• Work request: Two lines in the data below mark the range: the one with "Kelenik József; Csonkaréti" and the one with "Canticum - French Organ Music - Naji Hakim". Return both, along with every line between them, exactly.

• Data in this exercise:
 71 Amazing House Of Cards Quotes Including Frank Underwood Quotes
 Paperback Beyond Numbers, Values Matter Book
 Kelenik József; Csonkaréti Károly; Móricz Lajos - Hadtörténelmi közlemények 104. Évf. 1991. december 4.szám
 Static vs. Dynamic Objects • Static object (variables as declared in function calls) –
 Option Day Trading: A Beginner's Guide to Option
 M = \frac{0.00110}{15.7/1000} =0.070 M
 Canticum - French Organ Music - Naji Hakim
---
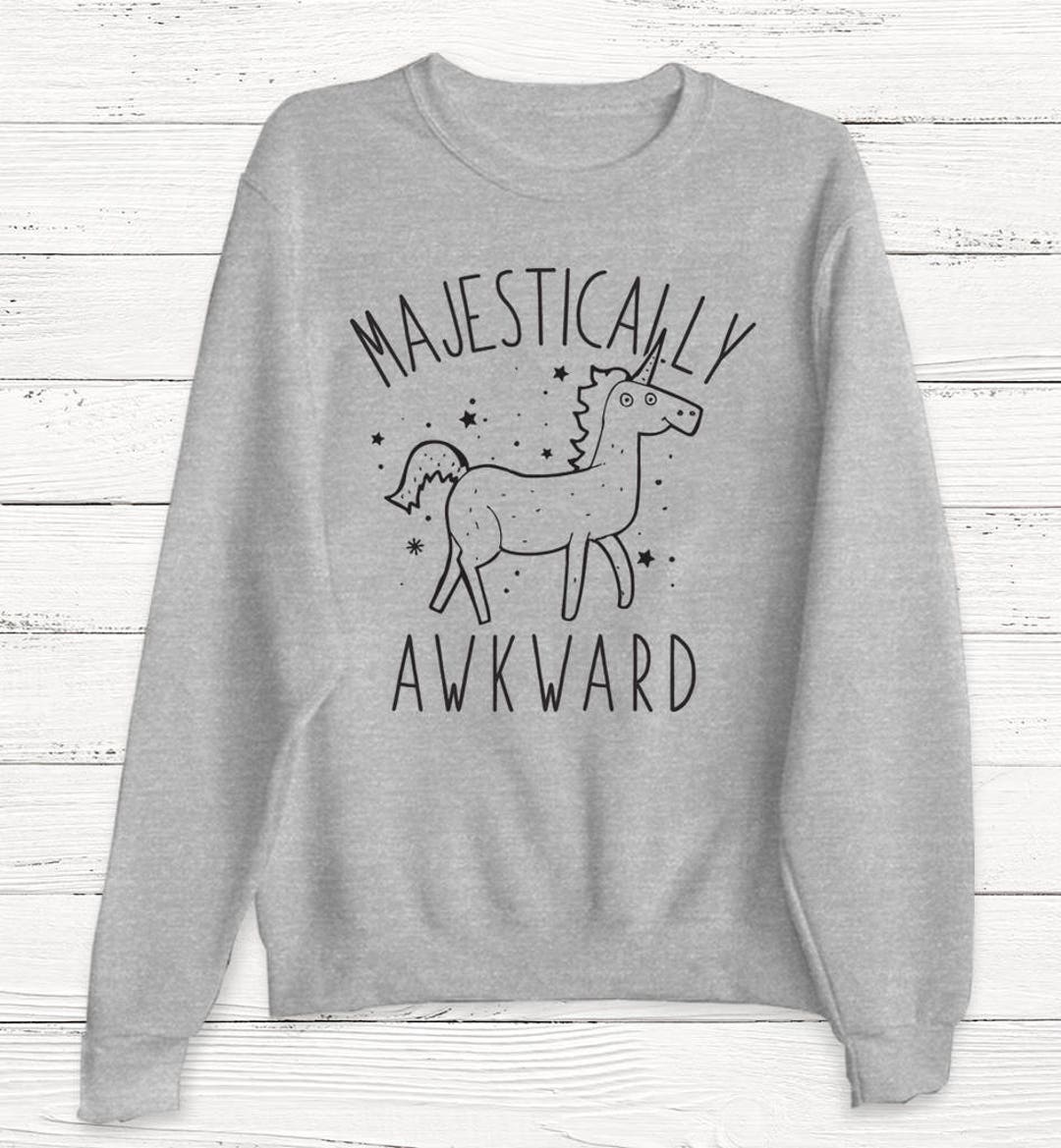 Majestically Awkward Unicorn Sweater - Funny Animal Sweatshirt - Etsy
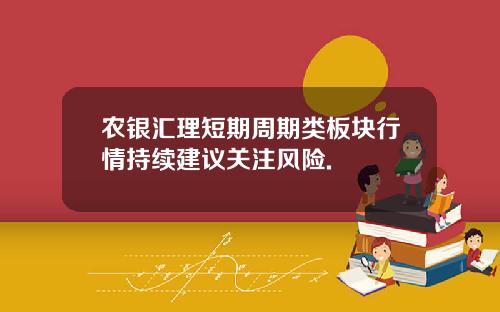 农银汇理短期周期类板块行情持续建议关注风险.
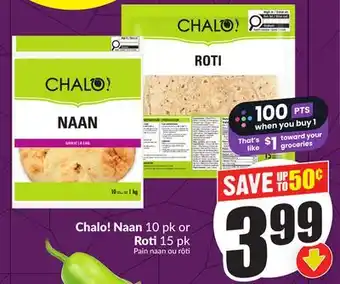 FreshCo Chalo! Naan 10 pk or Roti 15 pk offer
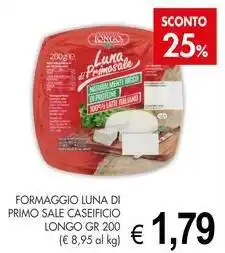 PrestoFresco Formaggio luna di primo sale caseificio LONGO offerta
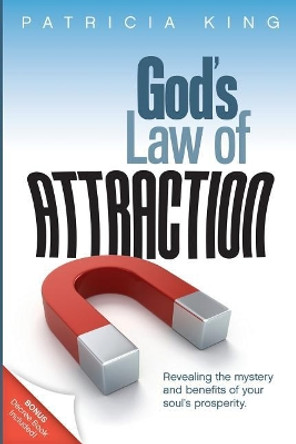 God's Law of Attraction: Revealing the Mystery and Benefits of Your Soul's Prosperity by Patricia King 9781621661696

• Task answer:
 Kelenik József; Csonkaréti Károly; Móricz Lajos - Hadtörténelmi közlemények 104. Évf. 1991. december 4.szám
 Static vs. Dynamic Objects • Static object (variables as declared in function calls) –
 Option Day Trading: A Beginner's Guide to Option
 M = \frac{0.00110}{15.7/1000} =0.070 M
 Canticum - French Organ Music - Naji Hakim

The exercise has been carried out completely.